Magazine of the National Geographic Society

National Geographic Adventure was a magazine started in 1999 by the National Geographic Society in the United States. The first issue was published in Spring 1999. Regular publication of the magazine ended in December 2009, and the name was reused for a biannual newsstand publication. The last issue was December 2009/January 2010.

==Features==
The magazine covered adventure travel, environmental issues, natural science, and other topics related to the outdoors. It focused on adventure travel and included:

- Regular features
- "First In", that featured recent adventure travel news
- "Gear", that featured experts' recommendations of good gear that would improve ones' vacation experience
- "Living It" that featured Adventure tips, ways to avoid danger, ways to help, etc.
- "Next Weekend", that featured good weekend trips from all across the U.S.
- "Where Next", that featured vacation destinations across the world

- Adventurer of the Year
Annually, a slate of adventurers were named National Geographic Adventure Adventurer of the Year", in a variety of categories.
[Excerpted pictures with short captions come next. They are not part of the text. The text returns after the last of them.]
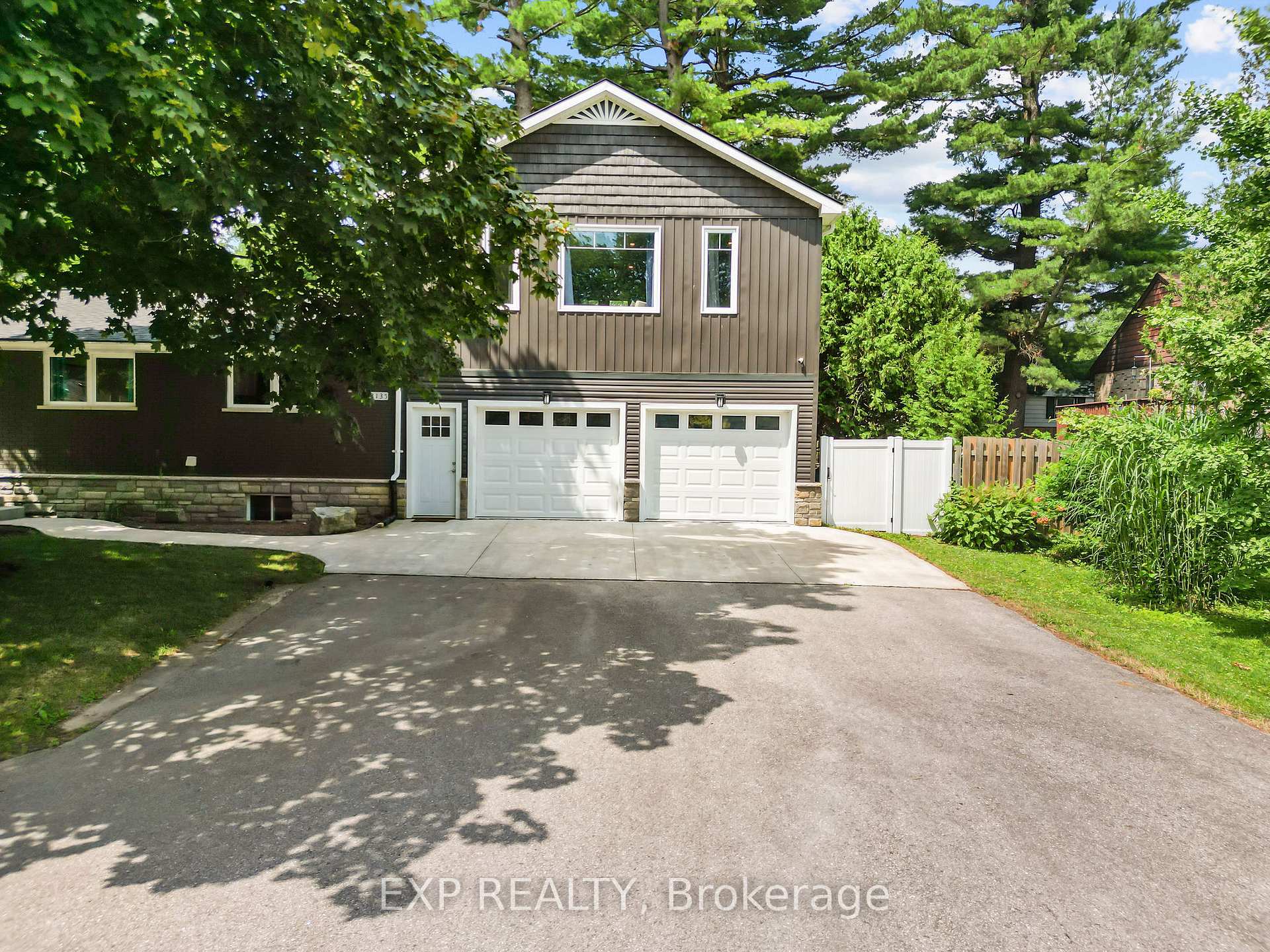 Photo 45 of 2135 Mockingbird Street, Strathroy-Caradoc, Campbellvale — HOMEH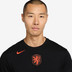 Nike Nederland Primary Tee WK 2026 3
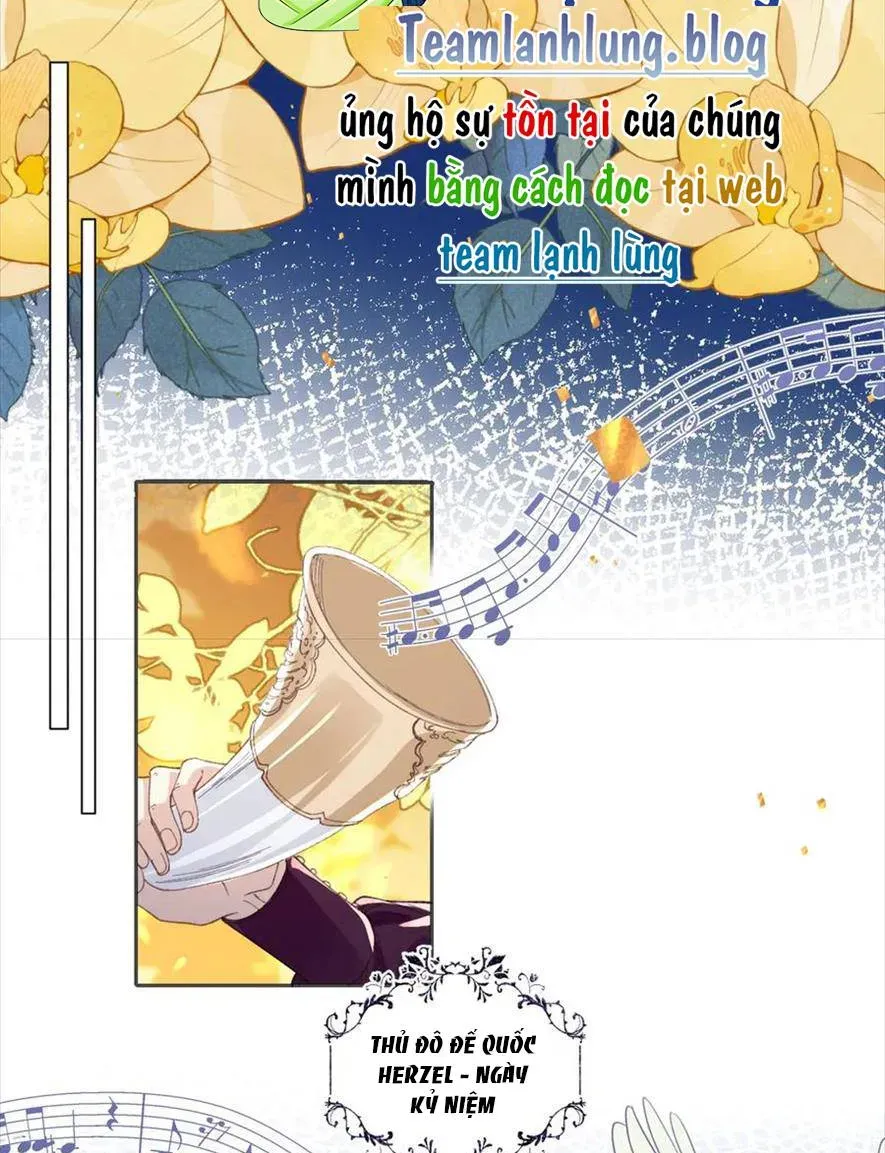 Nữ Chính Truyện Ngược Luyến Tình Yêu Đã Thức Tỉnh Chapter 30 - 3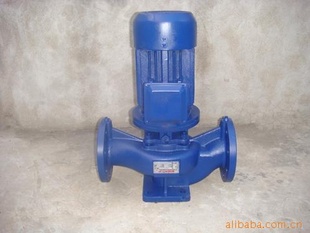 ISG25-160Aʽܵıã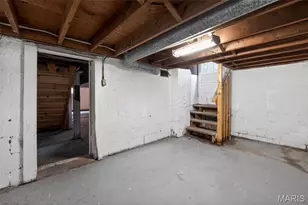9450 Baltimore Ave, Saint Louis, MO 63114 - Photo 25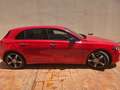 Mercedes-Benz A 180 A 180 d Sport auto Rosso - thumbnail 1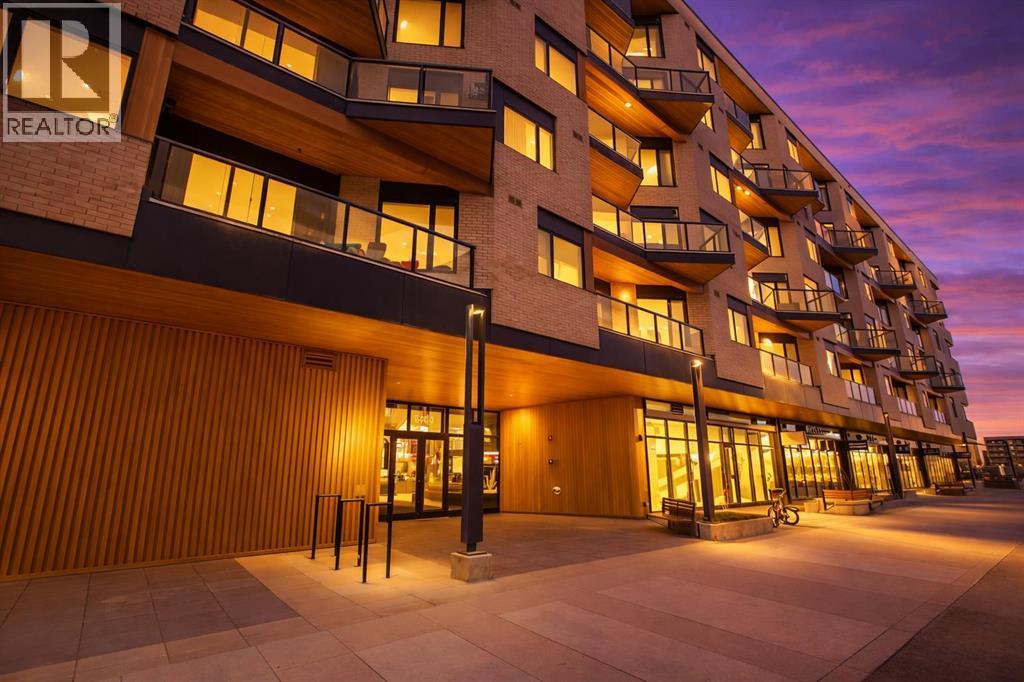 Residential in Calgary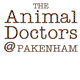 The Animal Doctors  Pakenham Pakenham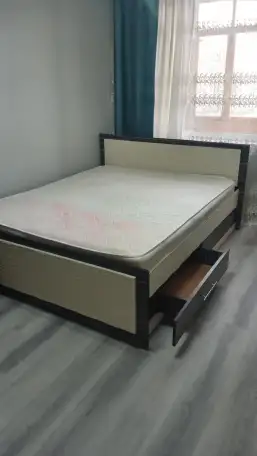 Спальный гарнитур, фотография 3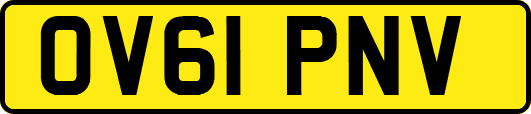 OV61PNV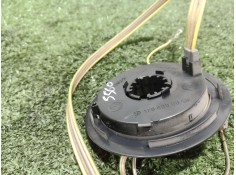 Recambio de anillo airbag para opel astra g hatchback (t98) 2.0 dti 16v (f08, f48) referencia OEM IAM 1704600049 1704600049 6013 2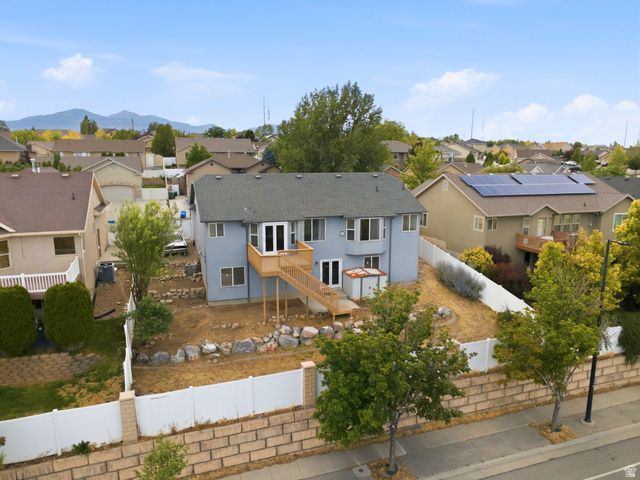 7103 S SORRENTO WAY, West Jordan, UT 84081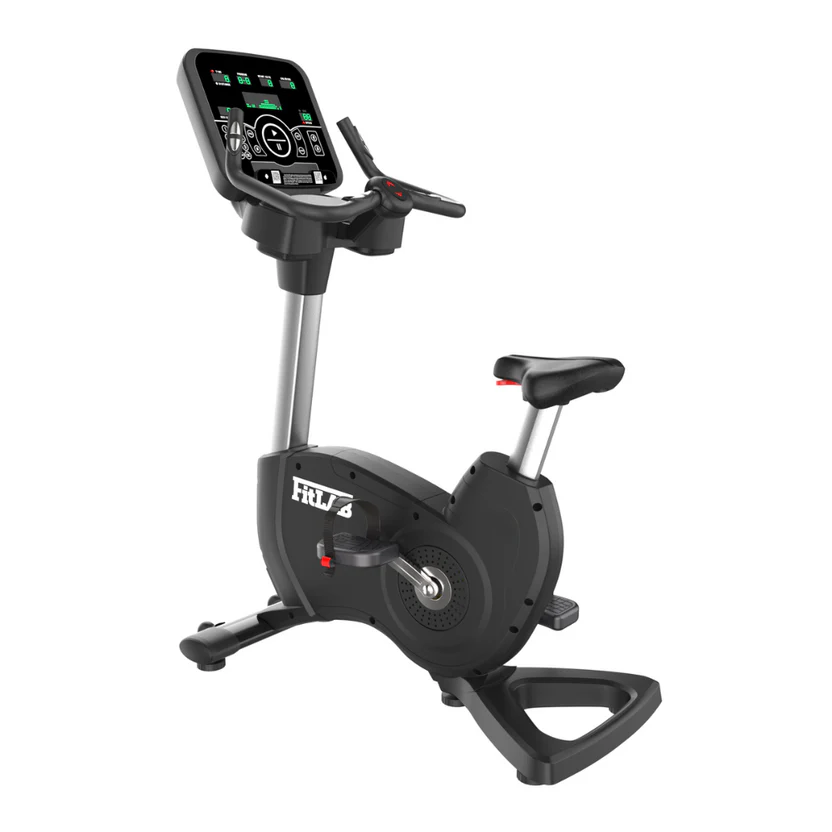 FITLAB Cycle 500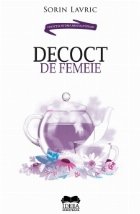 Decoct femeie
For example, the December 2008/January 2009 issue named "Fourteen people who dreamed big, pushed their limits, and made our year". One, Pemba Gyalje Sherpa, was named for "extreme heroism under trying extreme circumstances" for repeatedly risking his life to successfully rescue several mountaineers stranded on the mountain, during the 2008 K2 disaster.

==Masthead==
John Rasmus served as the editor-in-chief of the magazine from its inception to its closure.
Sam Serebin and Tom Bentkowski were the design team responsible for the initial prototype and first six issues of the magazine.